Big Banks Ramp Up Crypto Exposure

Reading Time: 2 minutes
  • Two more big banks have announced intentions to open themselves up to the cryptocurrency space
  • Goldman Sachs announced a cash-settled Bitcoin derivatives platform
  • Citigroup suggested that huge demand was causing them to consider offering a crypto service

The march of big banks toward cryptocurrency continued this week with a double bill of news that shows that more and more institutions are finally seeing the light. On Thursday Goldman Sachs announced a plan to offer Bitcoin derivatives to its investors, followed the day after by Citigroup admitting that it was considering crypto services following a “very rapid” growth in interest in the cryptocurrency sector. The twin developments add those two names to the growing list of big banks dipping their toes in the cryptocurrency pool.

Goldman Sachs Offers Bitcoin Derivatives

Goldman Sachs was famously one of the first big banks to show an interest in crypto when they considered a crypto trading desk at the peak of the 2017 bubble. This talk was resurrected in March, and the bank has now taken things a step further and, according to Bloomberg, opened cash-settled Bitcoin derivatives to Wall Street. The site reported Max Minton, Goldman’s Asia-Pacific head of digital assets, as saying that “Institutional demand continues to grow significantly in this space” and that the new offering is “paving the way for us to evolve our nascent cash-settled crypto-currency capabilities.”

Citigroup Poised to Enter Crypto Market

Less than 24 hours later it was reported that Citigroup was the latest of the big banks considering getting in on the act, with global head of foreign exchange Itay Tuchman telling the crypto-hating Financial Times that “trading, custody and financing were all under consideration” thanks to unprecedented demand from clients. This move comes weeks after Citigroup released a report that noted Bitcoin could be “optimally positioned to become the preferred currency for global trade”.

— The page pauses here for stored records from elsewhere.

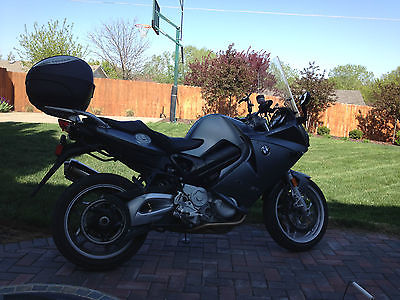 BMW : F-Series BMW F800 ST 2007 sport touring motorcycle, graphitan, ABS, hard bags, top case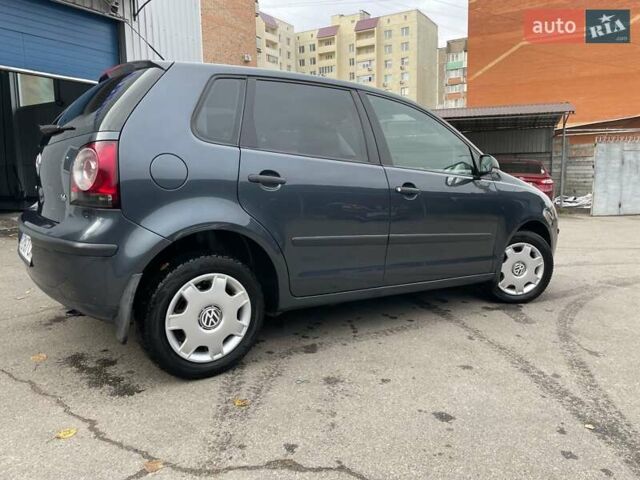 Серый Фольксваген Поло, объемом двигателя 1.39 л и пробегом 208 тыс. км за 4500 $, фото 7 на Automoto.ua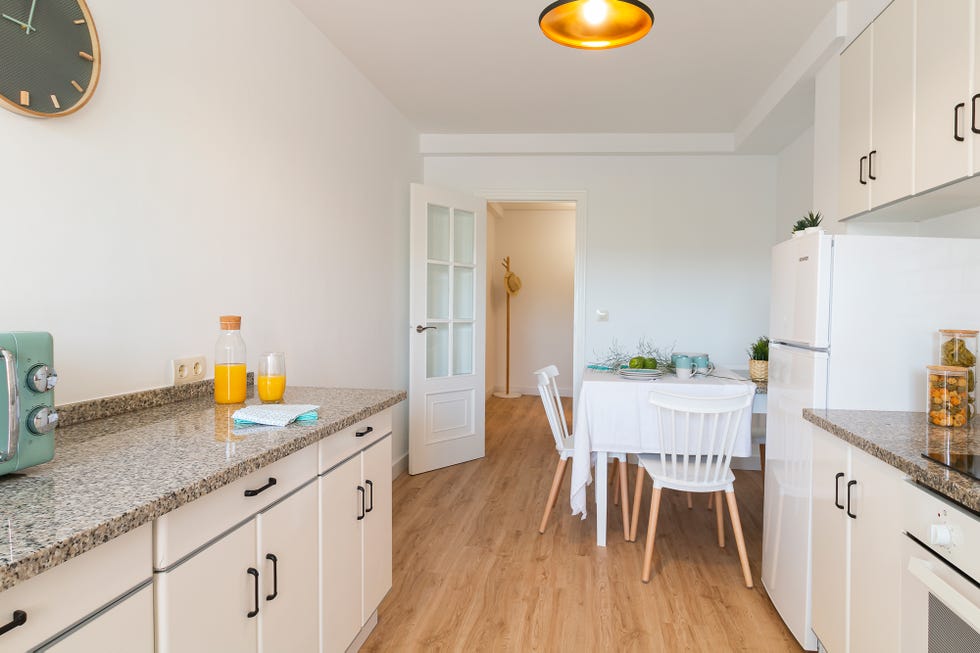 cocina con office de estilo nórdico en blanco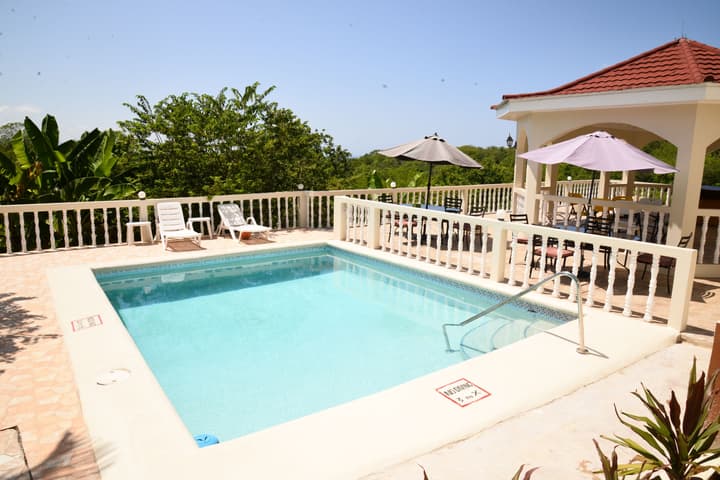 Retreat Guesthouse Luxury Suites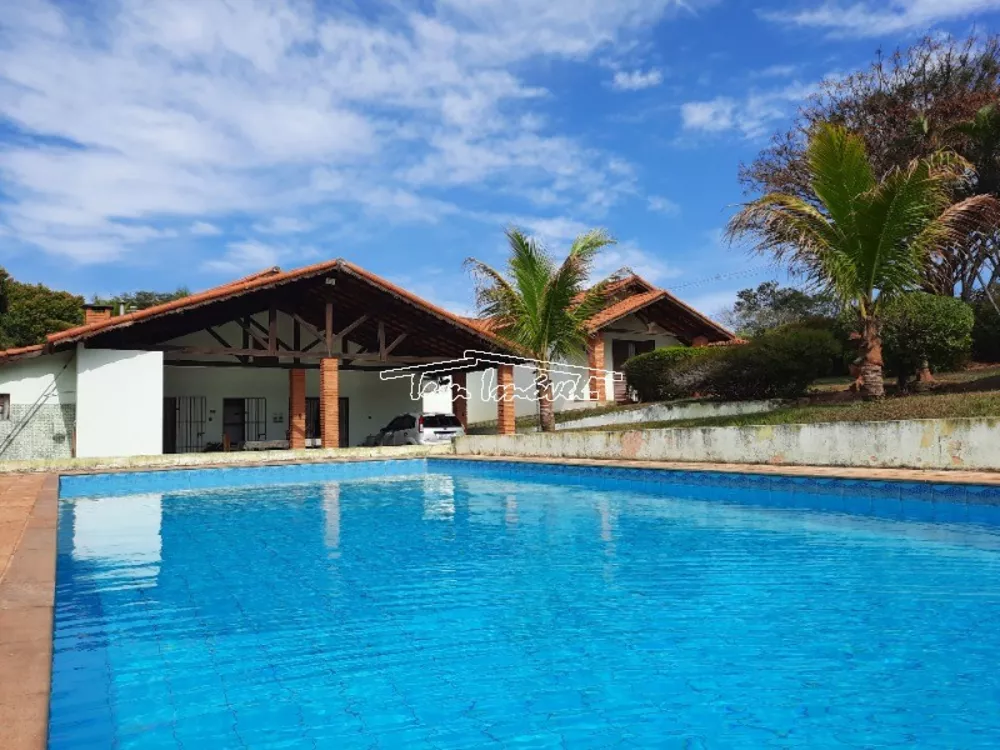 Fazenda à venda com 4 quartos, 350m² - Foto 1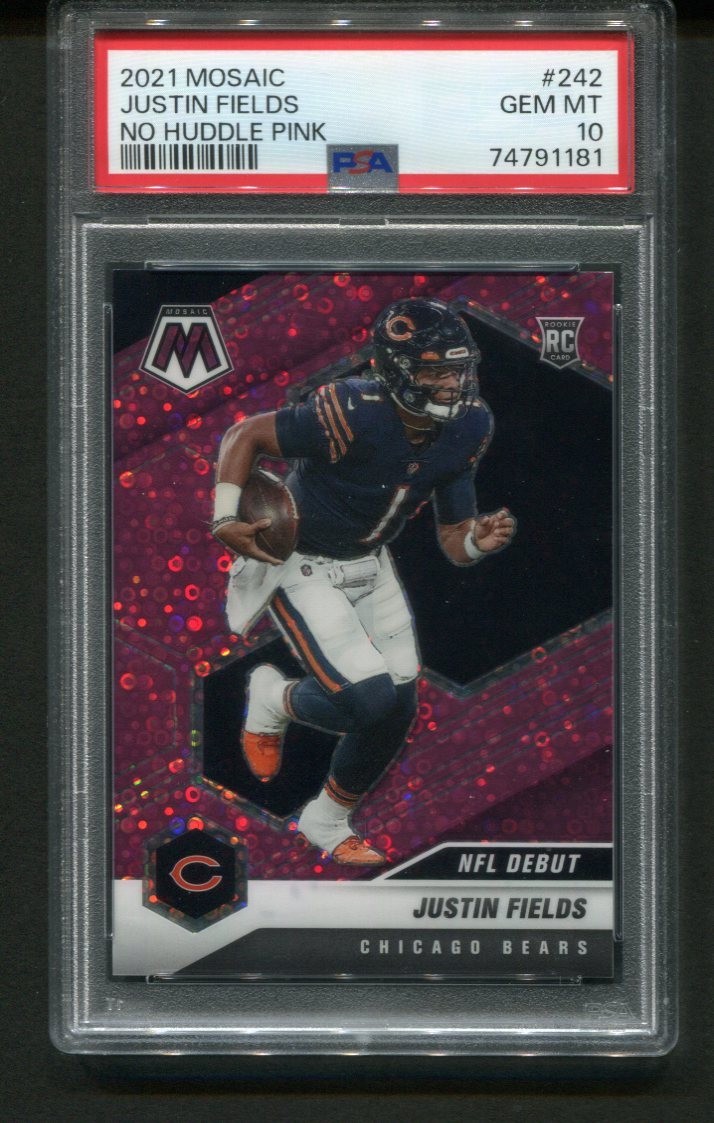 2021 Panini Mosaic Justin Fields Rookie No Huddle Pink Prizm #242 17/20 PSA 10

Big Banks Forcing The Issue

Tuchman added that he believed that “crypto is here to stay and that we are just at the very beginning of the market”, something that the Financial Times reporter must have had a nervous breakdown in typing given the lengths to which the newspaper has gone to denigrate cryptocurrencies in recent months. However, they may be forced to change their tune as the big banks they report on, and whose employees make up their readership, begin to gravitate toward the space.